Data extracted from a collection
[Start of Attachment]

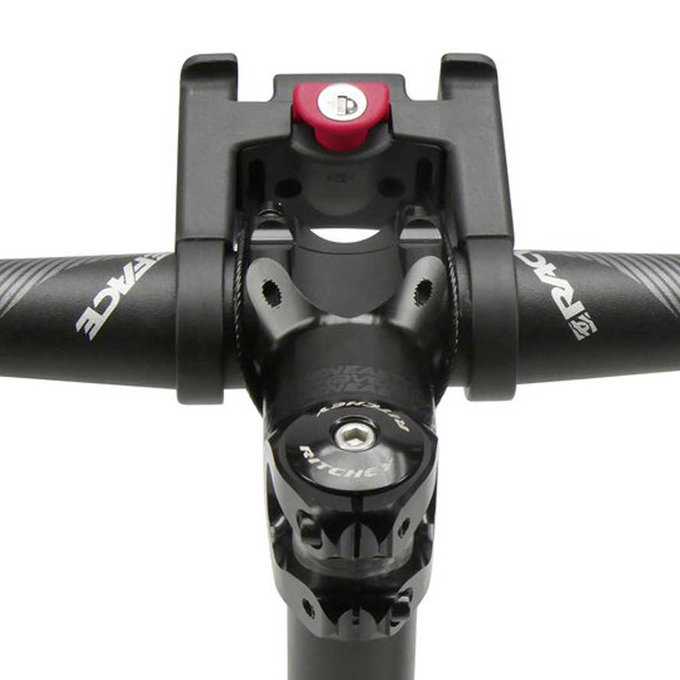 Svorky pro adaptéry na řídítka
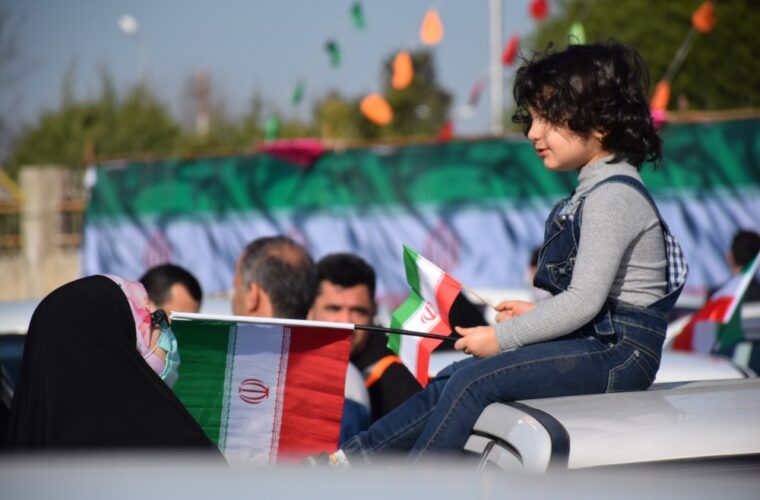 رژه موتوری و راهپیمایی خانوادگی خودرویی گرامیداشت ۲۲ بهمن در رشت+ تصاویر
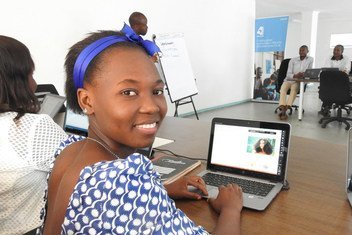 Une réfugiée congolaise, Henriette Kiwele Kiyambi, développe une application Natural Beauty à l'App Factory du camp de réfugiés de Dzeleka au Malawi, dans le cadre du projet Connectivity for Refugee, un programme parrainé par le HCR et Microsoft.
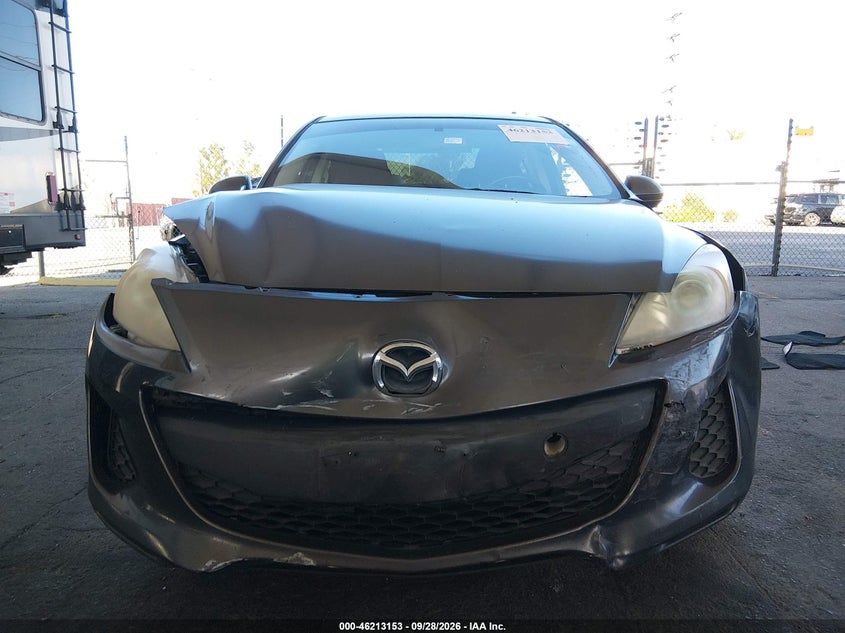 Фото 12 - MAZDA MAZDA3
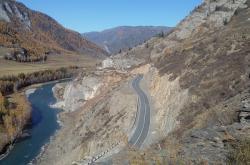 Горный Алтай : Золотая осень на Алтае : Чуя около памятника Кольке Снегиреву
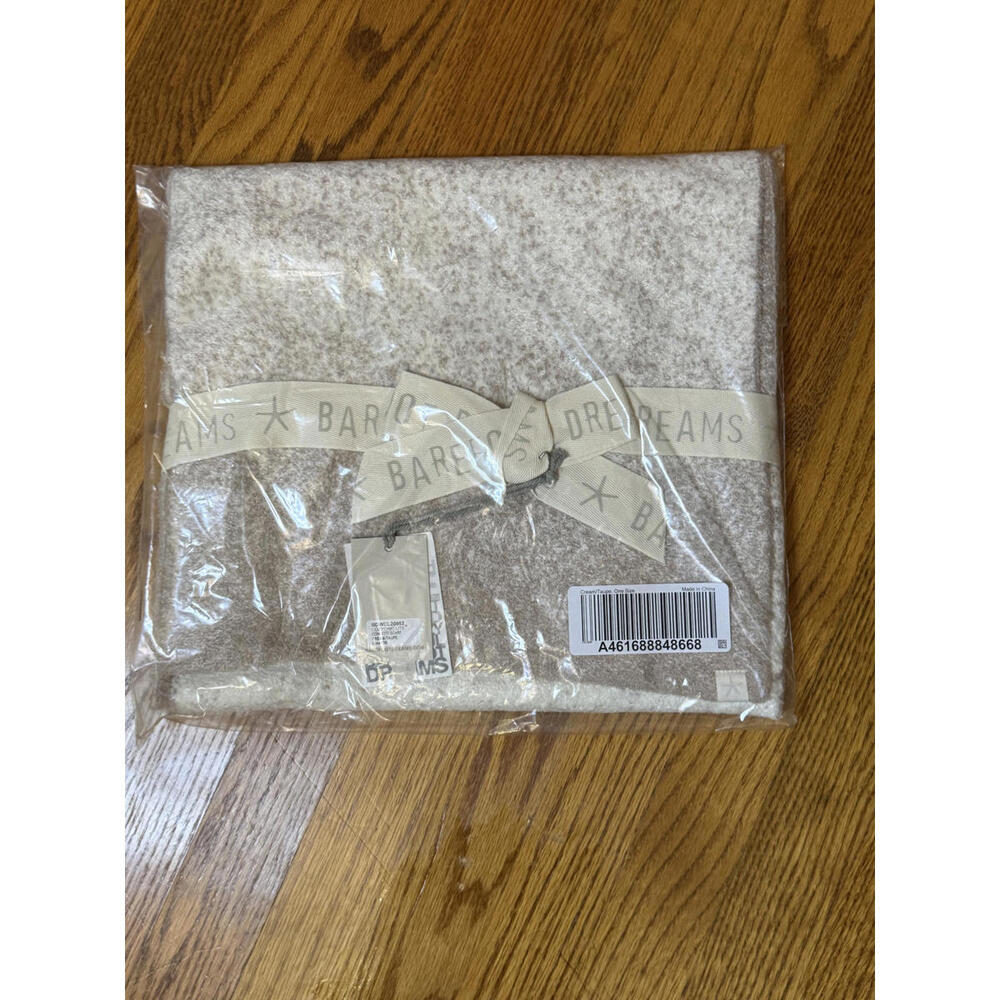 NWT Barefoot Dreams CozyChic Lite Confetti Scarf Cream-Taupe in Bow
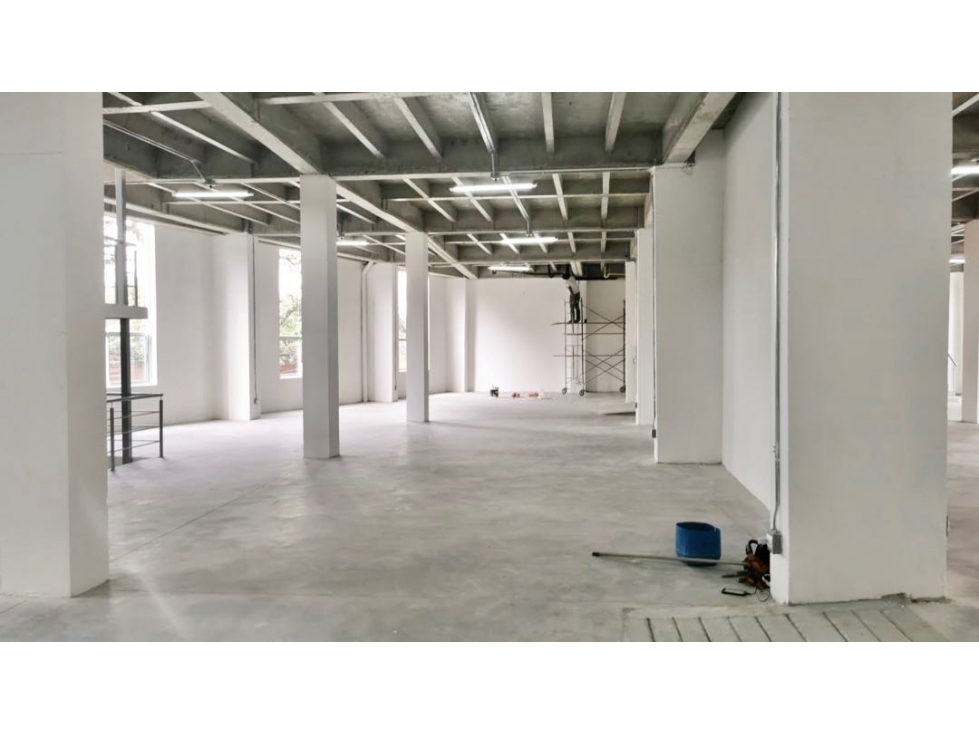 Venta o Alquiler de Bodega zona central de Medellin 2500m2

[End of Attachment]
[Start of Attachment]

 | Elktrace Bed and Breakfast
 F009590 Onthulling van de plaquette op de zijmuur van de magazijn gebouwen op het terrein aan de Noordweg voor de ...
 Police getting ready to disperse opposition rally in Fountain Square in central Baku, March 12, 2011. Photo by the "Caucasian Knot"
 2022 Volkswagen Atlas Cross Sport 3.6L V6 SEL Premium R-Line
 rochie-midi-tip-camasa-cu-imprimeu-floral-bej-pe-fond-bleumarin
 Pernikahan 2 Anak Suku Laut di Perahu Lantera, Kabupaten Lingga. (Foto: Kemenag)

[End of Attachment]
[Start of Attachment]

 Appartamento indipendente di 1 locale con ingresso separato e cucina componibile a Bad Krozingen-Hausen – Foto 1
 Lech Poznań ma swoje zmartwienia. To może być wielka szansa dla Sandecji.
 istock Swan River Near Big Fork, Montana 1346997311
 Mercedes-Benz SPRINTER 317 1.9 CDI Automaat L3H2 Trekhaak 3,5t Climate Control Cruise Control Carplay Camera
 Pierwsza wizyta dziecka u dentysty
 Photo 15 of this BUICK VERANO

[End of Attachment]

Output should consist of the lines above from the one with "رژه موتوری و" down to the one with "Venta o Alquiler", exact and without pictures.

## Solution for this problem
 رژه موتوری و راهپیمایی خانوادگی خودرویی گرامیداشت ۲۲ بهمن در رشت+ تصاویر
 Une réfugiée congolaise, Henriette Kiwele Kiyambi, développe une application Natural Beauty à l'App Factory du camp de réfugiés de Dzeleka au Malawi, dans le cadre du projet Connectivity for Refugee, un programme parrainé par le HCR et Microsoft.
 Фото 12 - MAZDA MAZDA3
 Горный Алтай : Золотая осень на Алтае : Чуя около памятника Кольке Снегиреву
 NWT Barefoot Dreams CozyChic Lite Confetti Scarf Cream-Taupe in Bow
 Venta o Alquiler de Bodega zona central de Medellin 2500m2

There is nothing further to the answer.